Thanks to the help provided in this thread I was able to produce the pulsed ultrasound signal that I needed. (1.5 MHz sinewave, pulsed at 1kHz, 20% duty cycle, 21 V p-p)
The general design ended being as follows: a signal generator that produces the sinewave, a 555 circuit that controls a 4066 which switches the sinewave and finally a LM318 that amplifies the signal to 21 V peak to peak.

I was getting the correct signal by measuring with the oscilloscope without the transducer load. As I connected the transducer, the circuit worked for about 30s and the shut off and some smoke appeared. It seems no big damage was caused.

What happened? What I have read leads me to believe that I need a transducer driving circuit (disclaimer: I am a total electronic noob). I thought the LM318 handeled the "power"part by amplifying the signal, but it seems that this is a current issue, right?

So my question is: do you have any design advice for an ultrasound transducer driver for this kind of signal?

BTW, on the LM318 datasheet on page 9 it shows a circuit for "isolating large capacitive loads". Will that suffice or do I need other completely different driver circuit?

You didn't yet mention LM318 as intended output amplifier for an ultrasonic transducer. You also didn't tell about a transducer impedance, but I would generally doubt that it's able to drive the respective currents.

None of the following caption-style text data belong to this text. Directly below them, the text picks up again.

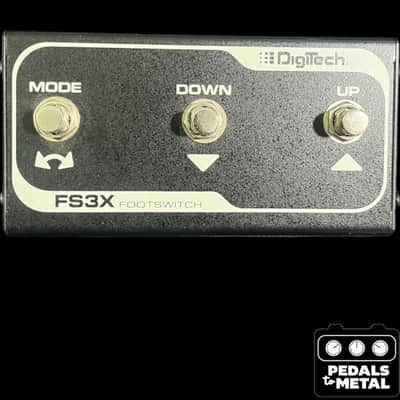 DigiTech FS3X 3 Button Footswitch 2010s - Black - X19934 image 1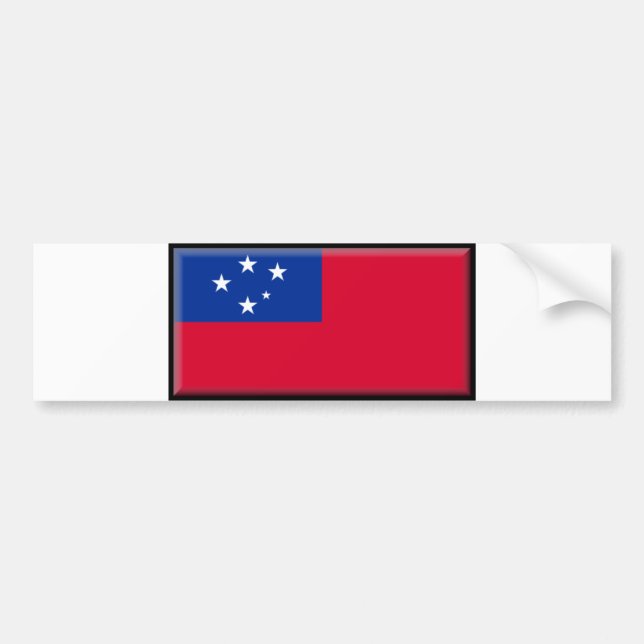 Samoa Flag Bumper Sticker (Front)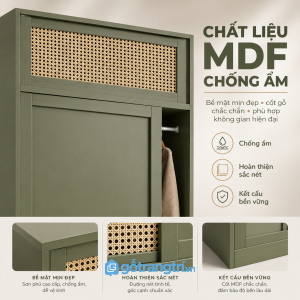 Điểm nhấn mây đan mang lại vẻ đẹp tự nhiên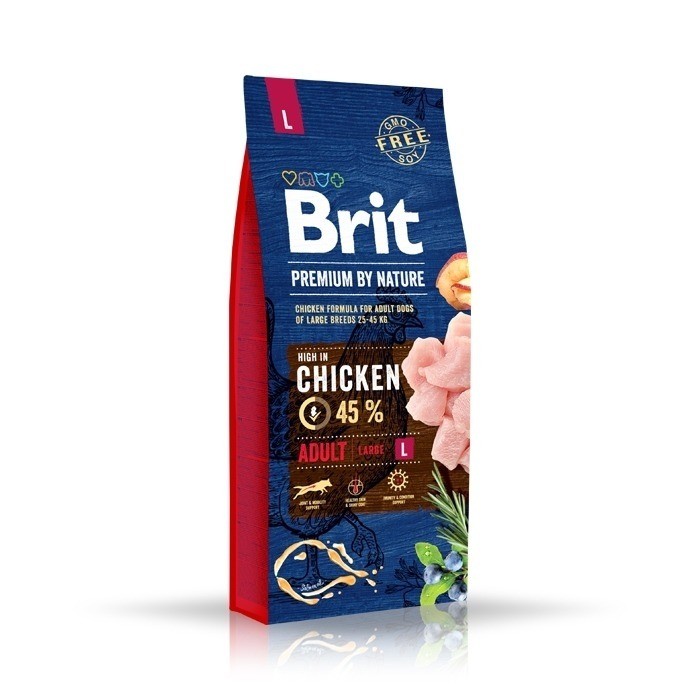 Brit Premium By Nature Adult Large L 15kg + Koema mix 3 smaków 800g x 6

According to the datasheet, the device is said to be short circuit protected, but there are several points why it may be unable to drive a reactant load safely. You may in fact cause self oscillations by connecting the transducer without a series resistor. In this case, the output will most likely swing rail to rail and forward bias the substrate diodes, possibly causing destructive device latch-up.

It may be necessary to protect the output stage by schottky diodes connected to the supply rails. But basically, an output amplifier with higher current drive capability should be provided.

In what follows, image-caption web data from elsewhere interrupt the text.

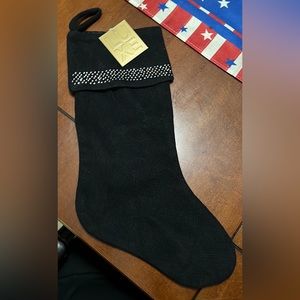 LUXE Holiday Stocking…made with crystals from Swarovski components.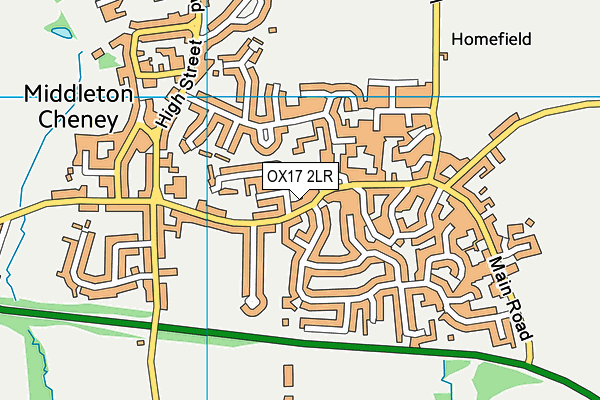 OX17 2LR map - OS VectorMap District (Ordnance Survey)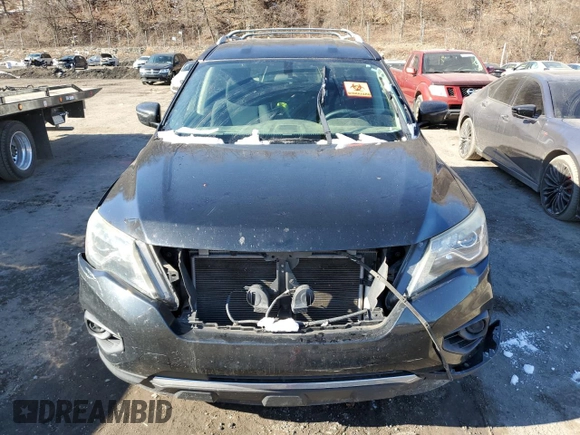 2018 Nissan Pathfinder SV with VIN 5N1DR2MN5JC608035, listed as a Copart auction lot 88951215 with 105,730 mi miles and Salvage Title. Bid and sale history available at carsss.com. Image 5.
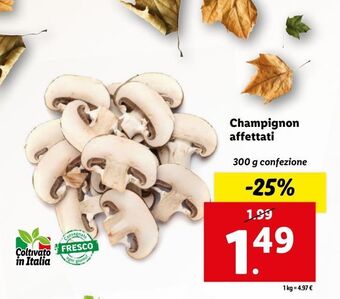 Lidl Champignon affettati offerta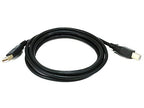 Monoprice 6-Feet USB 2.0 A Male to B Male 28/24AWG Cable (Gold Plated) (105438)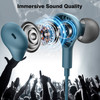 USB C Headphones for iPhone 171615Samsung S25S24 Wired Earbuds with Microphone for Galaxy S23 S22 S21 S20 FE Magnetic No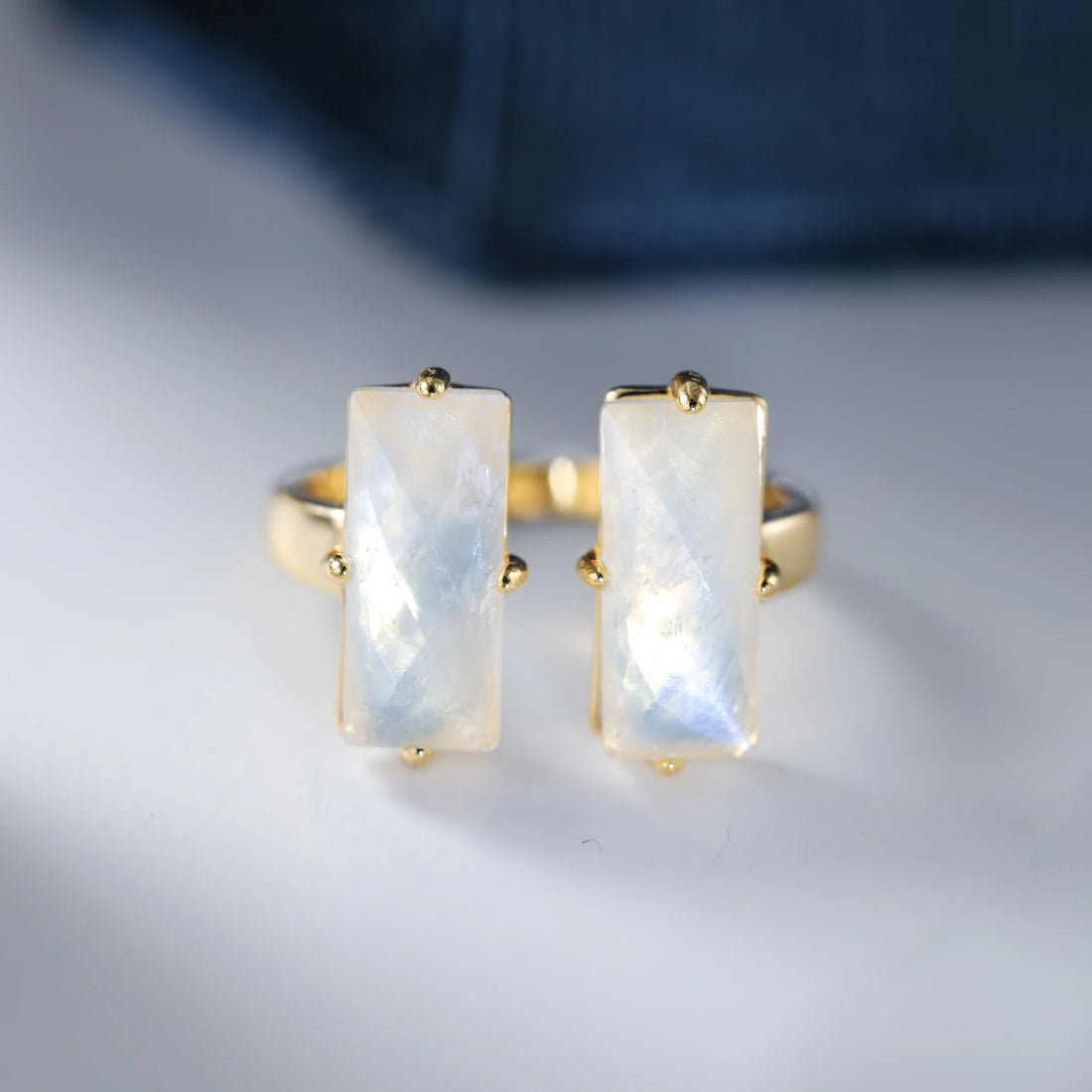 Moonstone Engagement Ring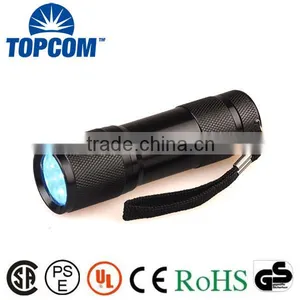 9 Led 365nm uv Flashlight for Detecting Fluorescer in Cosmetics and Baby Stuff, Counterfeit Banknotes, Minerals, Diamonds thumbnail-1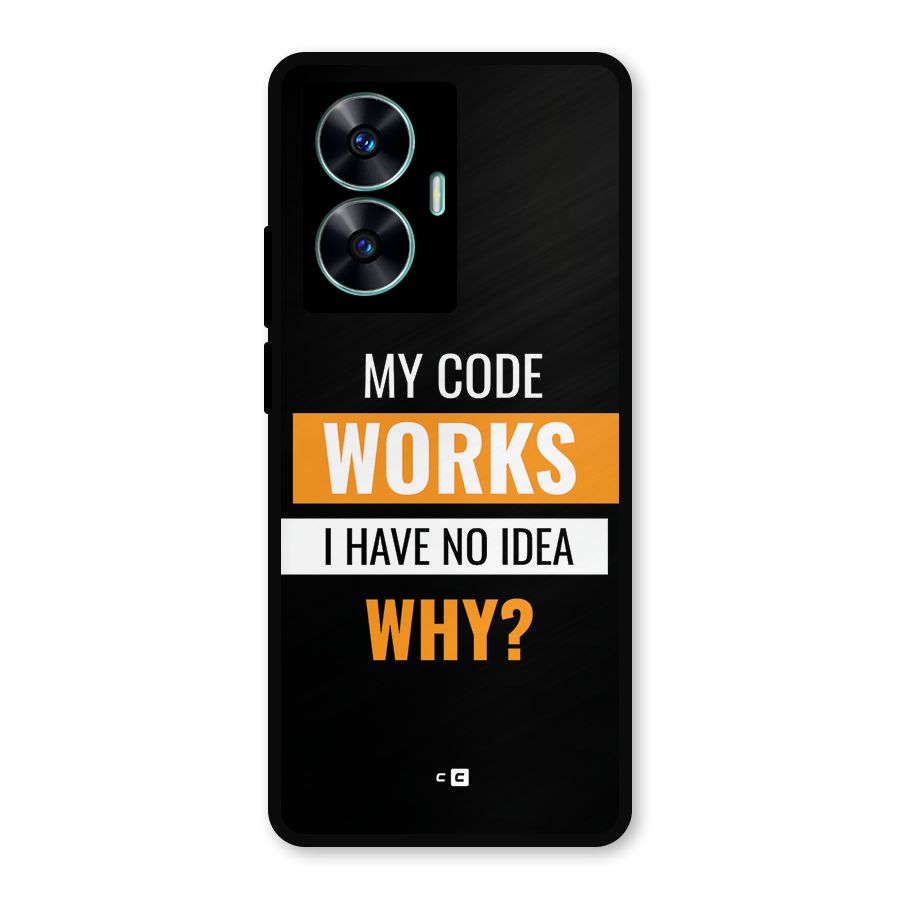 Coders Thought Metal Back Case for Realme Narzo N55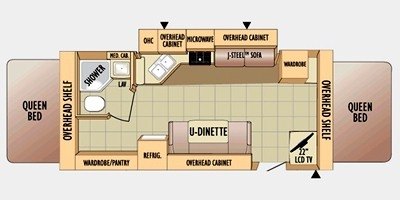 2010 Jayco Jay Feather EXP 23 J floorplan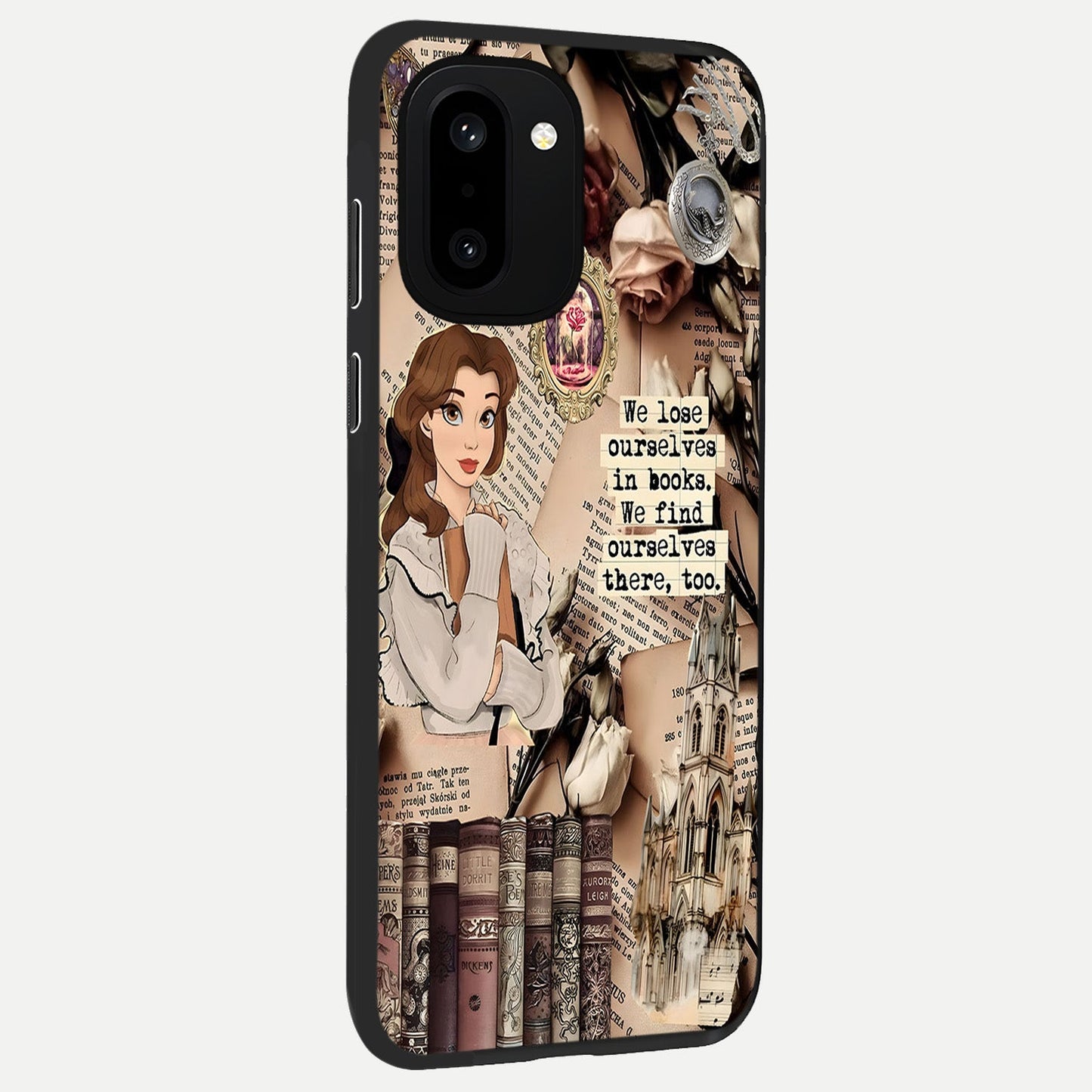 Bookish Dream World back cover For Oneplus 15R slim fit glass case with vibrant aesthetic design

An ultrasonic transducer needs a signal source set to its frequency marked on the body. Some transducers are tuned to 24 kHz, others to 40 kHz.
Your first step, to generate the signal in a 555 seems to be correct. For 1.5 MHz I think the 555 is not good as the frequency should be stable in operation. I would rather recommend to build either a LC oscillator, or better, get a 1.5 MHz quartz and build a quartz oscillator. Next you will need to build a "transmitter" but make sure it is built into a well screened metal case. You are NOT allowed to interfere with medium-wave broadcasting using 1.5 MHz and around it.
After the quartz oscillator, you need a buffer stage ( a small-power transistor), and then a power stage capable to deliver ~21 Vp-p to the transducer. This can be a MOSFET and I would expect to dissipate several watts.
Refer to amateur 160-meter transmitters described e.g. in ARRL Radio Amateurs Handbook, or google a suitable design. You should monitor voltages and currents during adjustments on your transmitters, otherwise you can expect some smoke again.

Hi.
Don't worry, the 555 only generates the signal to switch the sinewave on and off (the sinewave comes from this signal generator).
Here is a basic layout:

Thank you for showing the schematic!
I do not know LM318 but I know ultrasonic transducers. They utilize piezo-ceramic material; when excited electrically, they "discharge" back and the voltage spikes can easily kill your LM318. I would protect ir with a ~100 Ohm resistor and some Zeners that will limit the voltage kicks to what is LM318 specified for. I use a 24 kHz ceramic transducer and excite it by a MOSFET driven by a 555 but through an output transformer giving ~100 V p-p output with the transducer. The toroid-core transformer nicely drives up the voltage, and the MOSFET says nothing to the spikes- it is rated to >400 V p-p.
If you use the 1.5 MHz single frequency, I would also advise to try the final stage with an IRF 640 or similar. They can be driven with a TTL signal, too. Use an output choke or transformer tuned to 1.5 MHz with the connected transducer.